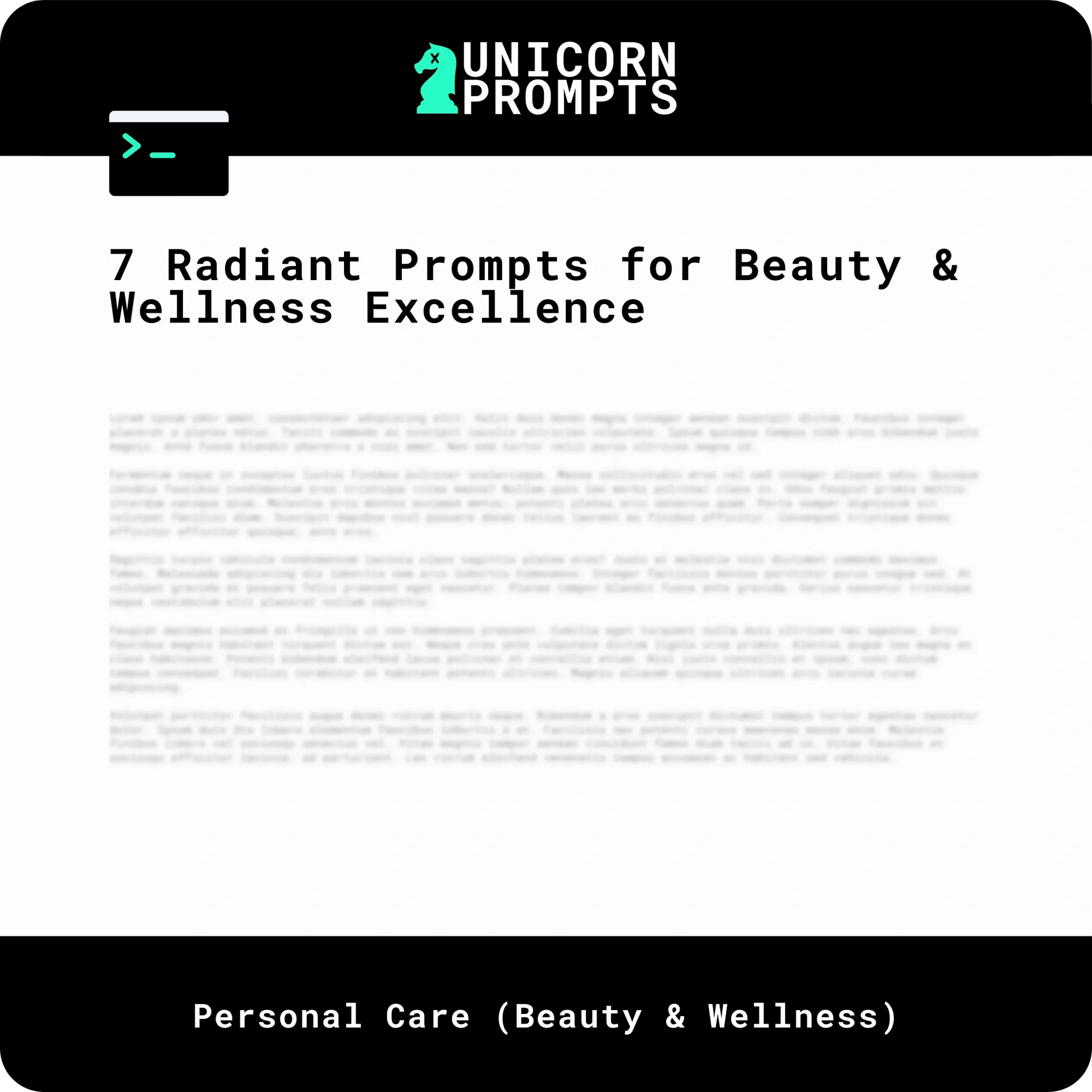 7 Radiant Prompts for Beauty & Wellness Excellence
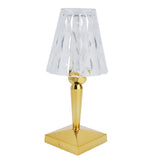 LED Crystal Table Lamp Dimable Desk Lamp USB Charging for Bedroom Decor Warm White Light V1294-YM0901-3119210121311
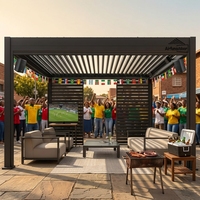 Pergola motorisée à toit rétractable en aluminium durable et écologique Airfun - Autoportante, moderne, résistante aux intempéries pour l'extérieur
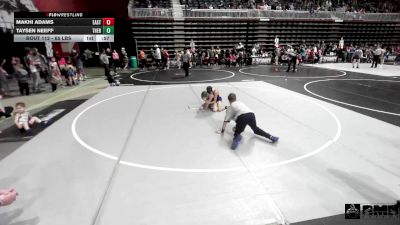65 lbs Consi Of 8 #1 - Makhi Adams, Eastside United vs Taysen Neeff, Thermopolis WC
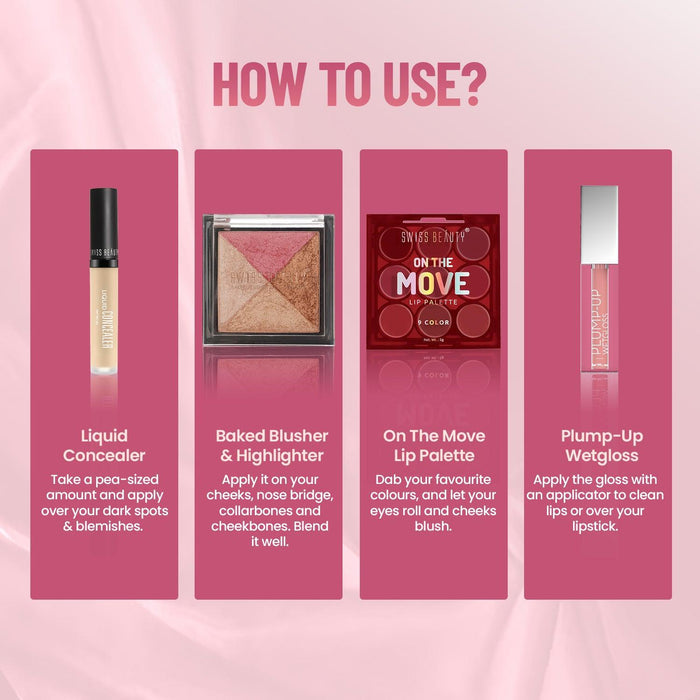 Taapsee Signature Kit (FREE kit worth Rs 499) - Swiss Beauty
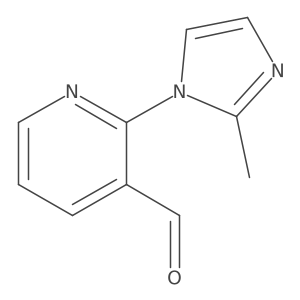 2-(2-methyl-1H-imidazol-1-yl)pyridine-3-carbaldehyde Structure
------------------------------------------------------------
Problem to work on: Reproduce word for word the lines from the line with "Pergola motorisée à" to the end of the entries above, both included, but leave the pictures out.

Result of the exercise:
 Pergola motorisée à toit rétractable en aluminium durable et écologique Airfun - Autoportante, moderne, résistante aux intempéries pour l'extérieur
65 lbs Consi Of 8 #1 - Makhi Adams, Eastside United vs Taysen Neeff, Thermopolis WC
 Taapsee Signature Kit (FREE kit worth Rs 499) - Swiss Beauty
 2-(2-methyl-1H-imidazol-1-yl)pyridine-3-carbaldehyde Structure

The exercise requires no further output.